With L2 Regularization:

The model becomes "more conservative," not easily enlarging parameters
The model is more stable to fluctuations in input (stronger generalization ability)

✅ How to Use in PyTorch?

L2 Regularization = Weight Decay, so in PyTorch, you just need to add it in the optimizer:

optimizer = torch.optim.SGD(model.parameters(), lr=0.1, weight_decay=1e-4)

This weight_decay parameter is actually $\lambda$ ! The default is L2 regularization.

✅ How to Use in sklearn?

from sklearn.linear_model import Ridge  # Ridge is linear regression with L2
model = Ridge(alpha=1.0)

✅ In Summary

L2 Regularization = Penalizes the square of weights, compressing but retaining all parameters, enhancing model generalization ability.

Dropout#

✅ One-sentence Definition

Dropout is a regularization method that randomly masks neurons,
making the neural network more "robust" during training and preventing overfitting.

✅ Motivation Behind It

Deep neural networks are prone to overfitting, especially when:

The number of layers is deep
The training data is small
There are many parameters, and the model is complex

The reason is:

The model learns to "rely on certain combinations of neurons" to memorize the training data → Generalization ability deteriorates.

Dropout breaks this dependency —
During training, it randomly masks (sets to 0) a portion of neurons, forcing the network not to rely solely on a small group of neurons but to have redundancy.

✅ How It Works?

During Training:

For a certain hidden layer output vector $\mathbf h = (h_1,\dots,h_n)$
During training, apply:

\tilde{\mathbf h}= \frac{\mathbf m}{p}\odot \mathbf h,\qquad m_i \sim \text{Bernoulli}(p)

— The retention probability $p$ is set by you; usually between 0.5–0.9.

$\mathbf m$ : Random mask that decides whether to "retain" the $i$ -th unit.
$\odot$ : Element-wise multiplication.
$1/p$ : Inverted dropout is a commonly used rescaling factor to ensure $\mathbb E[\tilde h_i] = h_i$ , maintaining consistent activation scales during training/inference.

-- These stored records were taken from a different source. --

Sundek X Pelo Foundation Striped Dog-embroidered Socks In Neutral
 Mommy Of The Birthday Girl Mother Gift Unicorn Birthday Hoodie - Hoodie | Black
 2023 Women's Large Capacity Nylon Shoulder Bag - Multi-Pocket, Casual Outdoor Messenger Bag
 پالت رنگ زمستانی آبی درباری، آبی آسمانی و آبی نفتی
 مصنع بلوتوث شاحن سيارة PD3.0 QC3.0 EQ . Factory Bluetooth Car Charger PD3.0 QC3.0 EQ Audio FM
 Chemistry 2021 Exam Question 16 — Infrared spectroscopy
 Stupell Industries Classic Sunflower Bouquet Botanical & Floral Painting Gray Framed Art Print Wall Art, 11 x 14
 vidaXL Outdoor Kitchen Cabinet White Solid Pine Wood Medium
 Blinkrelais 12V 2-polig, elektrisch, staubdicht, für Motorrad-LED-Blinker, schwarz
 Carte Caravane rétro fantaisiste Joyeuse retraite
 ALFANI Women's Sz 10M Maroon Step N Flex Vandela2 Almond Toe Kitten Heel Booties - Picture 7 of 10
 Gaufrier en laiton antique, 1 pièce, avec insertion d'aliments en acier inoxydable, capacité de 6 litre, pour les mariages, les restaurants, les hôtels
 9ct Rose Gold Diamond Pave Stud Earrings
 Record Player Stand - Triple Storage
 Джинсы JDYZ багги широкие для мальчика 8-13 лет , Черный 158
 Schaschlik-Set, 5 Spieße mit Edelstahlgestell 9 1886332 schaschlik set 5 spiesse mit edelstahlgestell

So from a mathematical perspective, it is a form of multiplicative binary noise injection, not actually physically deleting neurons.

Random Mask = A tensor filled with 0/1 values that decides which units "turn off" temporarily and which "work normally" during this forward/backward propagation round.
In Dropout (or other noise regularization), it is the minimum "switch matrix" that injects multiplicative noise into the network.

Element values

m_{ij} \sim \text{Bernoulli}(p)\quad \bigl\{ \begin{array}{l} 1\quad(\text{retain})\\ 0\quad(\text{drop}) \end{array}

During Testing:

No Drop, all activated, but outputs are not scaled.

✅ Usage Location:
Between the fully connected layer (Dense Layer / Linear Layer) and its subsequent activation function (like ReLU, Sigmoid, Tanh, etc.) or after.

It is more common to place it after the activation function: Dense -> Activation -> Dropout
This is because the purpose of Dropout is to randomly "turn off" the outputs of neurons. The output of the activation function represents the final output signal of the neuron, and applying Dropout directly simulates the random deactivation of neurons.
In some cases, it may also be placed before the activation function: Dense -> Dropout -> Activation
Although not mainstream, some research and practice indicate that this can sometimes yield results. The logic is to apply Dropout to the linear combination results calculated by weights before passing through the activation function.

Typically applied to one or more hidden layers (Hidden Layers).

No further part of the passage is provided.